About these notes. This is the sub-topic lookup version. For the full narrative lesson, use the Walk-through. For active recall, use the MCQ Quiz.
Likely exam angles. The comparative section asks you to read the same political problem through both systems and explain why they handle it differently. Name the lens (structural, rational or cultural), deploy it, and reach a comparative judgement - not a parallel description.
The comparative section is the part students most often fluff. It is not "list what the UK does, then list what the US does". It asks you to use comparison as a tool of analysis - to show that the same problem (representation, accountability, rights, executive power) is structured differently in the two systems, and to explain why the differences matter.
Political behaviour is shaped by the structures politicians operate within - constitutional rules, electoral systems, chambers, federal versus unitary arrangements.

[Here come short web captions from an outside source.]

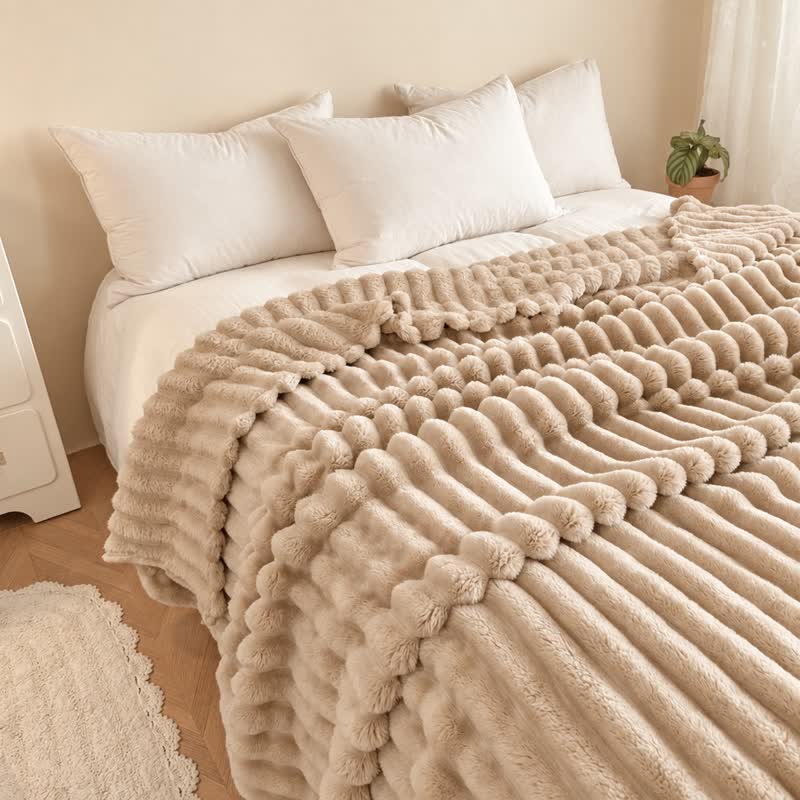 Ownkoti Soft & Warm Cozy Fleece Blanket - image 9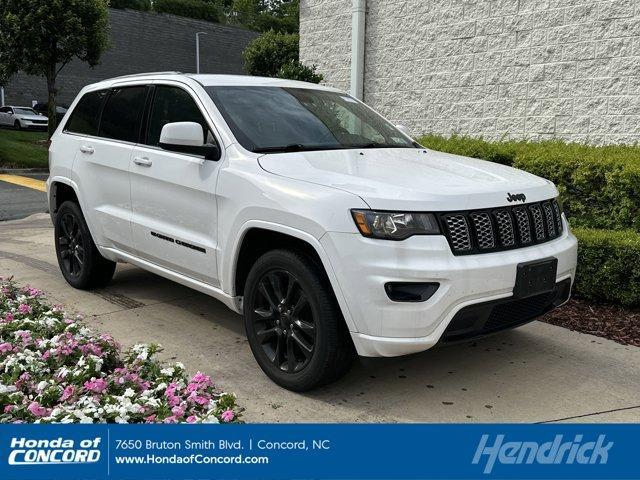 used 2022 Jeep Grand Cherokee WK car, priced at $32,981
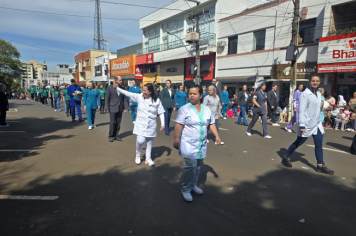 Foto - Desfile Cívico-Militar de Ijuí 2025
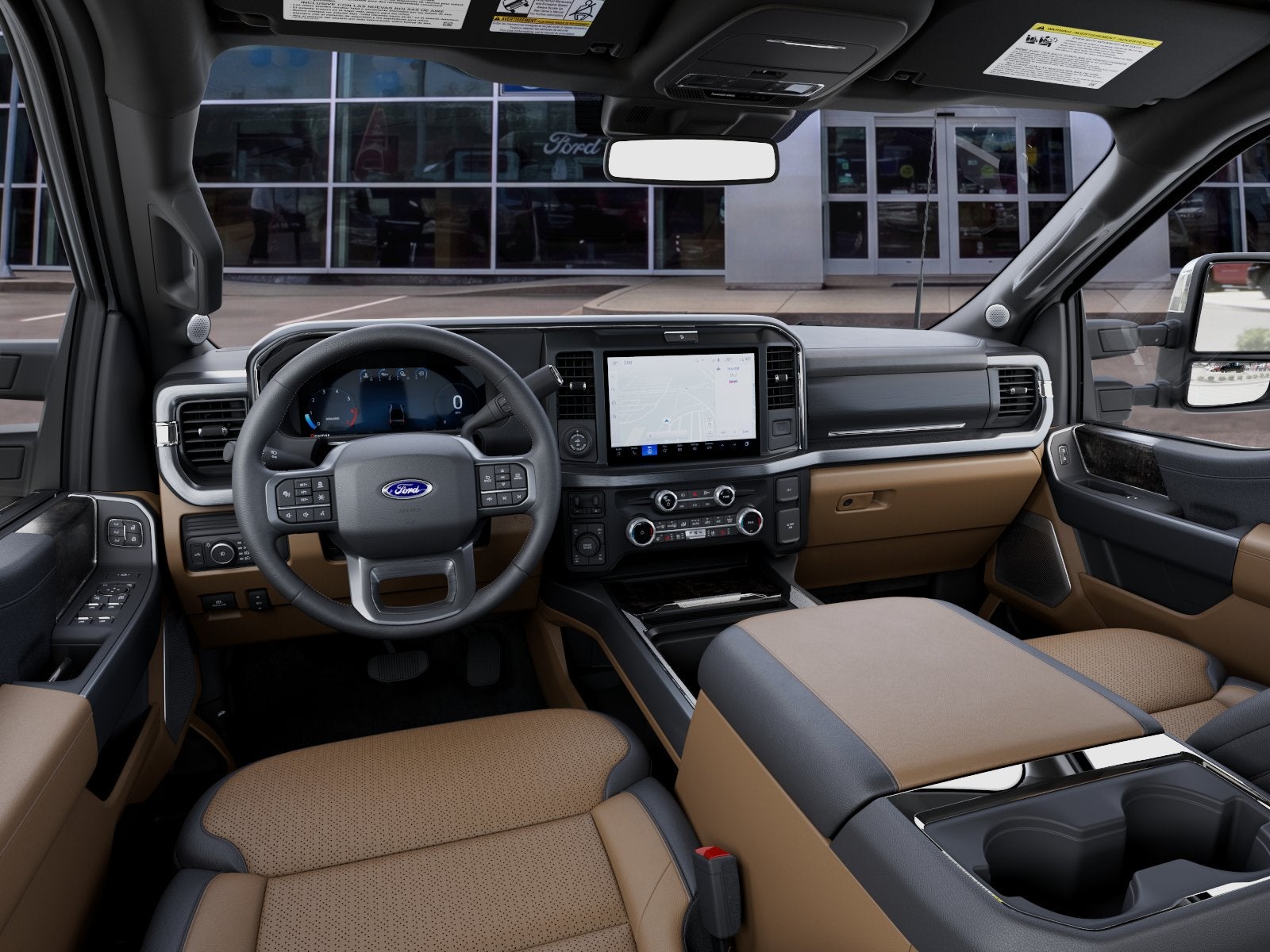2027 Ford F-350SD Lariat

Its strength is predictive power - it explains why different rules produce different politics regardless of who is in office.
Political behaviour is shaped by the rational choices of self-interested actors within structures - politicians want re-election, parties want majorities, groups want influence.
Its strength is dynamism - it explains why politicians behave differently from what idealist accounts predict.
Political behaviour is shaped by values and traditions that vary between societies.
Its strength is explaining cross-national policy differences on top of structural ones.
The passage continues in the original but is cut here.